出世景清 素浄瑠璃公演
<解説>
渡辺保
司会
葛西聖司
◆阿古屋住処の段
豊竹呂勢大夫、竹澤宗助
<休憩>
◆観世音身替の段
◆清水寺の段
竹本三輪太夫、鶴澤燕三
近松門左衛門の「出世景清」は、
演劇史に有名な作品なのに、
334年前の初演以来、再演がされずに来ていたかが、
研究者の鳥越文蔵氏の執念ともいえる思いがキッカケになり、
昨年、ルネッサながと(山口県)にて、
再演の上演に漕ぎ着けることが叶った。
この上演に先立つ解説にあたる、
講演は聴きにいったのだが、残念ながら、
ルネッサながとでの本公演は見逃している。
いかにせん、遠い…
日帰りは絶対に無理!!@@
なんで、こんなにも遠い、地の果てで…?
という疑問は、初めに小屋ありき、
ということでそうなったという説明にまあまあ納得したが…
同じ山口でも下関あたりなら、
日帰りもできるし、交通も便利だったのに…
と、悔しい。
長門は、新幹線でも飛行機でも、
簡単には着かないのだ。
山をいくつか越えて、日本海側へ入らねば辿り着かない。
(実際、公演前日は大雨で、交通機関も乱れ、開催が危ぶまれるほどだったという・・・)
しかし、素晴らしい劇場を建てたものだ。
(スライドを見せてもらう)
この劇場、地元の税金と収入だけで、
維持できるのか、不安になるが…
一通り、作品上演の由来を伺って、
それから、いよいよ作品解説に入る。
<登場人物相関図>
<あらすじ>
今回の上演(人形無し)では、
ルネッサながとでの、人形付きの公演で上演されなかった部分を、
新たに燕三師が作曲されて、上演した。
したがって、会場には前年に見ている方々も多いようだった。
お二人の解説を伺い、ざっくりと作品の理解を深めていよいよ開演。
「阿古屋住処」は、呂勢太夫・宗助コンビ。
呂勢太夫は、このところますます芸境を深めつつあると思える。
情の表現について素晴らしいものがある。
この阿古屋の心情の変化が哀しい現実へと繋がるドラマの序章。
景清と阿古屋の恋は、一筋縄ではいかないのだ。
歌舞伎の「壇ノ浦兜軍記」の阿古屋のような、単純な女(歌舞伎阿古屋ファンの方、すみません!!)
ではない。
なんといっても、阿古屋は遊女でありながら、景清の子を二人も産んでいるのだ!!
(そんなことが可能なのだろうか・・??^^;)
立場的には糟糠の妻。
だが、景清は本妻(小野姫)を持ってしまった。
これを阿古屋に隠そうとする。
「別に、あの女とはそんな仲じゃないよ」と姑息な言い逃れをする。
ところが、小野姫からの手紙が来て、それは真っ赤な嘘と分かり、
阿古屋は取り乱す。
そこに付けこむ阿古屋の兄 →悪者。
金になるから、源氏方へ訴えようとそそのかす。
いままでは一蹴していた阿古屋も、嫉妬に狂い、訴人することに同意してしまう訳だ。
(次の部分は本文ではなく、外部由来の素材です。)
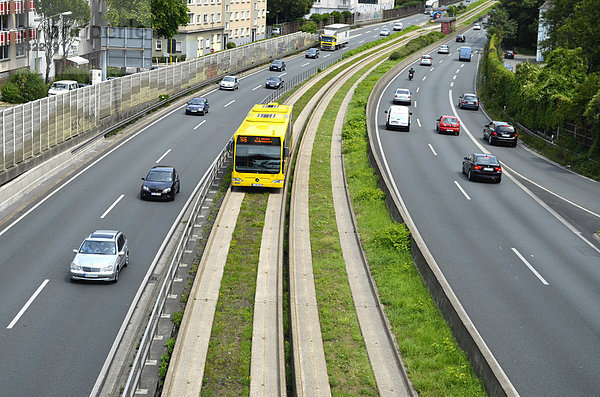 Autobahn A40  Ruhrschnellweg  Busspur  Spurbus auf dem Mittelstreifen  Schallschutzmauer  Steele  Essen  Ruhrgebiet  Nordrhein-Westfalen  Deutschland  Europa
。。
阿古屋といえば、歌舞伎の真女形の最高峰の役。
遊女でありながら、美しく賢く、景清への愛と貞節を貫く、
いわば女大学から抜け出たような女・・・というイメージが、
この出世景清の阿古屋で全く変わってしまう。
嫉妬深く、浅はかで短慮。
だけど、とっても人間らしい。
一度は夫を裏切るが、激しく後悔してこののち、
子供を道連れに自害することになる。」
さて、休憩を挟んで、このあとは景清の物語。
捕まった景清がどうなっていくのか・・・。
死刑になるのだが、観音様が身替りになって助かる、
という奇跡が起こる!
これは、中世の説教節などでも繰り返しテーマにされてきた、
奇瑞だけれど、
ここからが近松の新しさ。
頼朝が、観音の恩恵を受けるくらいの人物だから、
命を助けようと言い出す。
これで、すっかり頼朝に感化された景清は、恭順を誓うのだが・・・
今までその命をずっと狙ってきた頼朝を目の当たりにすると、
意に反してまたも斬りつけてしまうのだ。
そして、そのことを後悔して両眼をえぐり取ってしまう。
「源氏の世を見たくない」といった単純な理由ではなく、
心の葛藤の末、そういう行動に出る、というところは、
景清像も新しいものだといえる。
今回は、「観世音身替りの段」と、「清水寺の段」を、三輪太夫・燕三コンビで。
(この組み合わせは、本公演ではなかなかないと思われる)
素晴らしい復曲を成し遂げられた燕三師に拍手!
ぜひとも、本公演にて人形付きの公演をお願いしたい。